Through the worst of Argentina's post-devaluation recession, a securitization of oil and gas royalties originated by the province of Salta made good on its payments. But now, six years after the economy touched bottom and subsequently entered a prolonged growth spurt, the province may end up doing what many Argentine issuers did six years ago - restructure.

"Officials from Salta's provincial government have expressed...their intention to propose a restructuring of the notes' terms," said Standard & Poor's in a release. Officials from Salta's finance ministry didn't answer a request for comment.

In anticipation of a potential move by the government, the agency put the deal's B' rating on CreditWatch Negative. Moody's Investors Service rates it Caa2'. The transaction was initially $234 million, with an 11.5% coupon and 14-year maturity. Lehman Brothers lead the issuance in 2001.

The structure is backed by 80% of all royalty payments owed the province by 17 private companies operating concessions in the oil and gas sectors. Exactly what Salta could do to coax investors to accept new terms remained unclear. "Some of the structural bells and whistles are in Argentina and some of them are offshore," said Stephan Feder, a partner at Simpson Thacher & Bartlett, which counseled Lehman on the deal.

The concessionaires covered in the deal pay a percentage of royalty payments directly to an offshore trust account. "The provisions, in addition to a diversified obligor base, negative covenants regarding government interference, and other structural features, limit but do not eliminate the provincial government's ability to carry out its intention to restructure the transaction," S&P said.

The deal is currently up to date on its amortization schedule, having previously fallen behind on principal payments, an event that didn't constitute a default under transaction documents. Assuming the deal made its March 28 coupon payment, the amount outstanding would be $159 million, according to Sol Ventura, an analyst at S&P.

The federal government's cap on energy prices has dampened investment in Salta's gas and oil industry. As a result, lower-than-expected production has curbed the royalty payments into the structure, since they are based on actual sales made by the concessionaires. On the other hand, high prices have mitigated that downward pressure on cash flows.

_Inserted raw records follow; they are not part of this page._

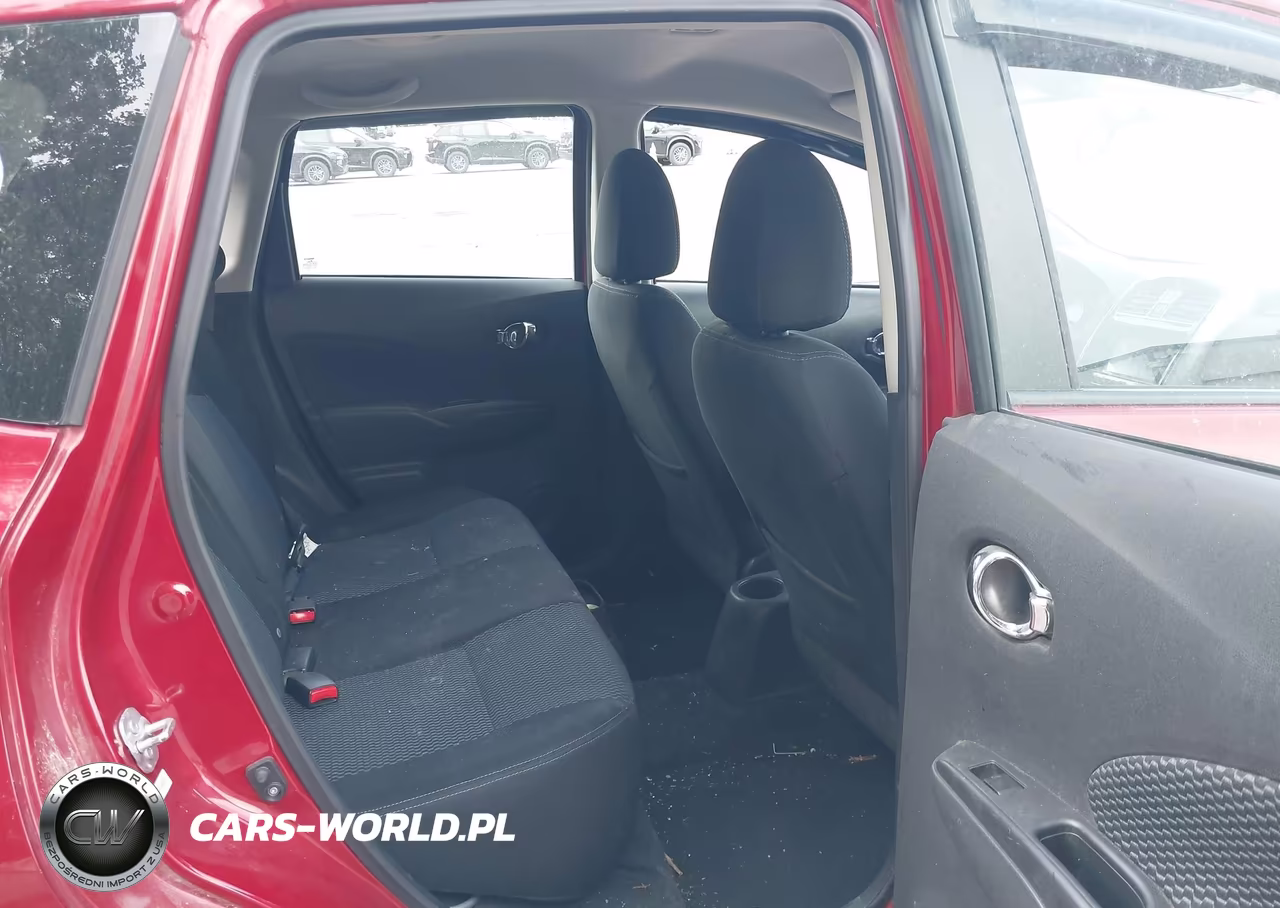2015 Nissan Versa Note Sv VIN:3N1CE2CP1FL386266 - 8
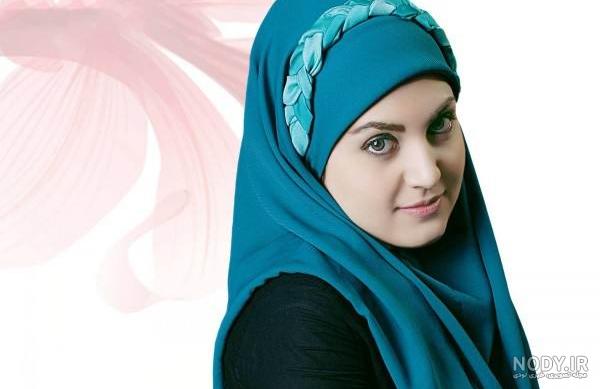 کتاب تندیس چادر و مقنعه همراه با آموزش الگو به روش متریک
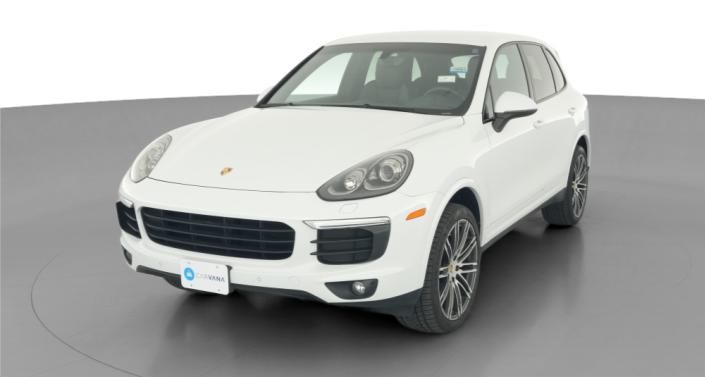2017 Porsche Cayenne Platinum Edition -
                  Rocklin, CA
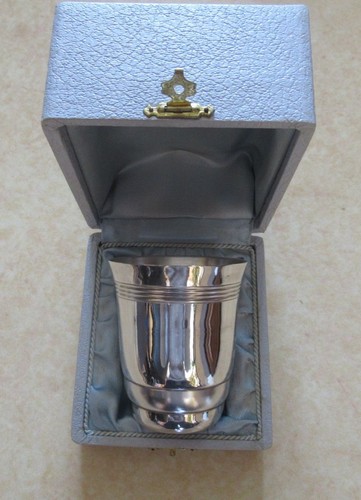 Ancienne timbale métal - ancienne,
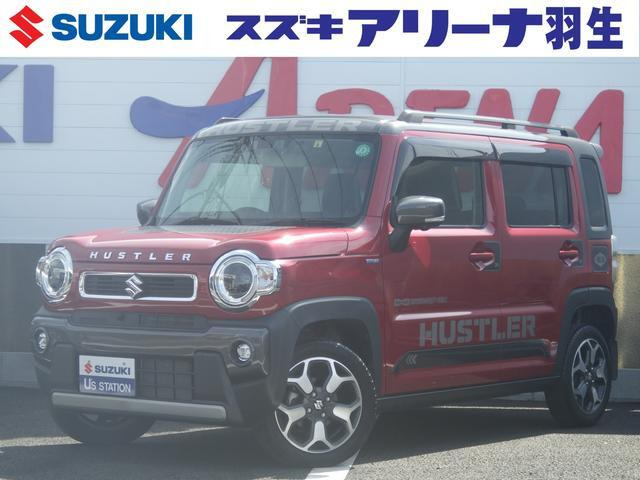 ハスラーX ターボ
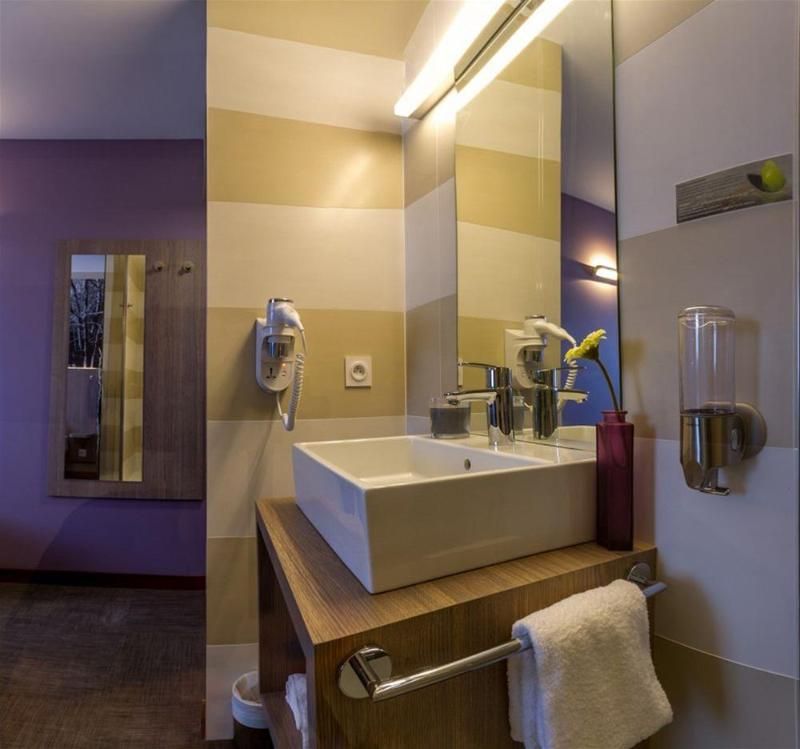 The Originals City, Hôtel Ecoparc, Montpellier Est 3 estrelas em Saint-Aunès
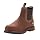 Ariat Groundbreaker Chelsea Waterproof Steel Toe Work Boot – Men’s Leather Boots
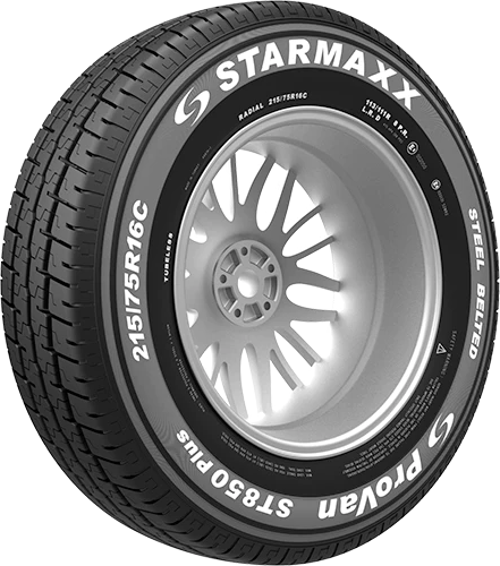 Provan ST850 Plus 215/65R16C 109/107R 8PR (Yaz) (2024)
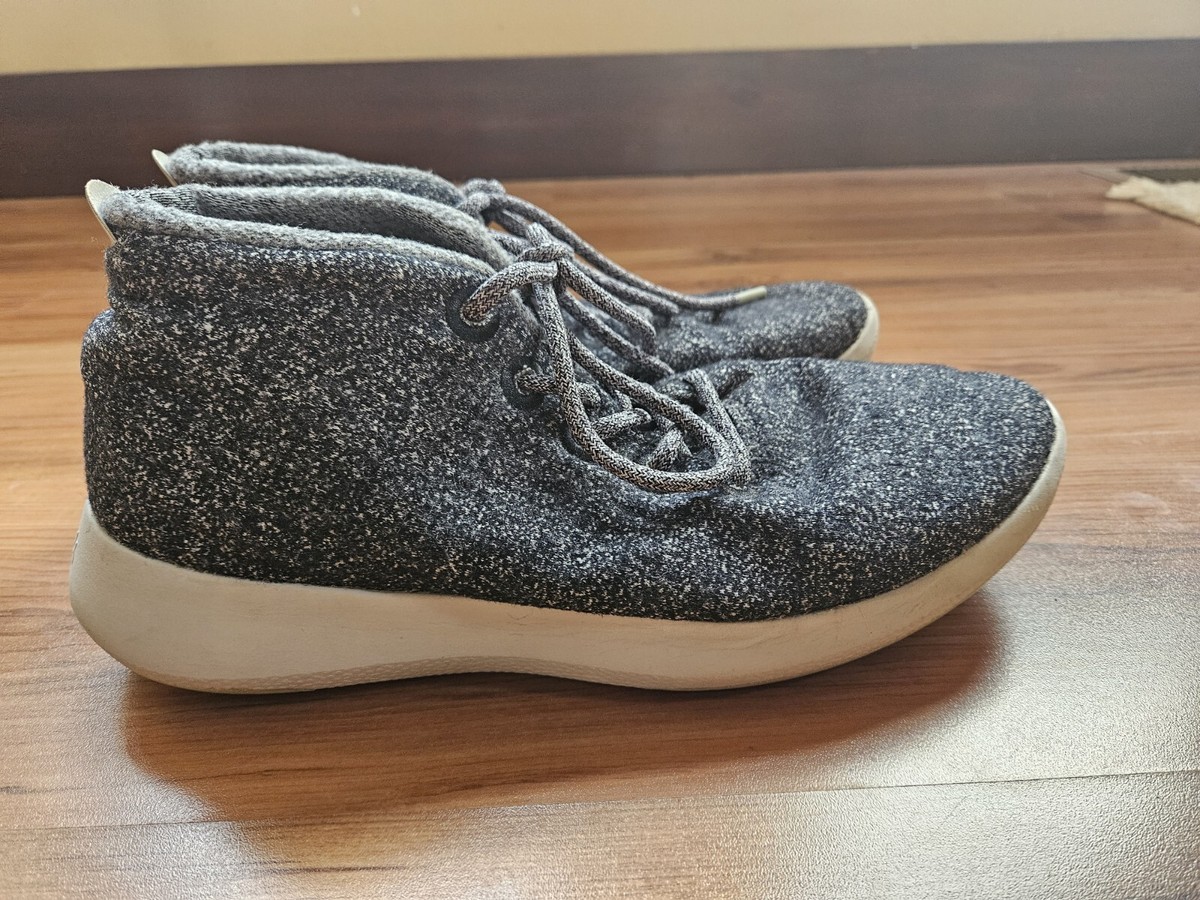 Allbirds Gray Wool Runner Mizzles Mens 13 Men main image 3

Sovereign Risk Insurance, on behalf of ACE Bermuda Insurance, provides political risk protection for the deal. The policy has never been drawn. Although during the depths of the economic crisis there was a period when the trustee could not convert and transfer foreign currency, that disruption lasted less than the 90-day period stipulated by the insurance. An attempt by the government to divert payments wouldn't constitute a political risk event, and would therefore not be covered by the policy.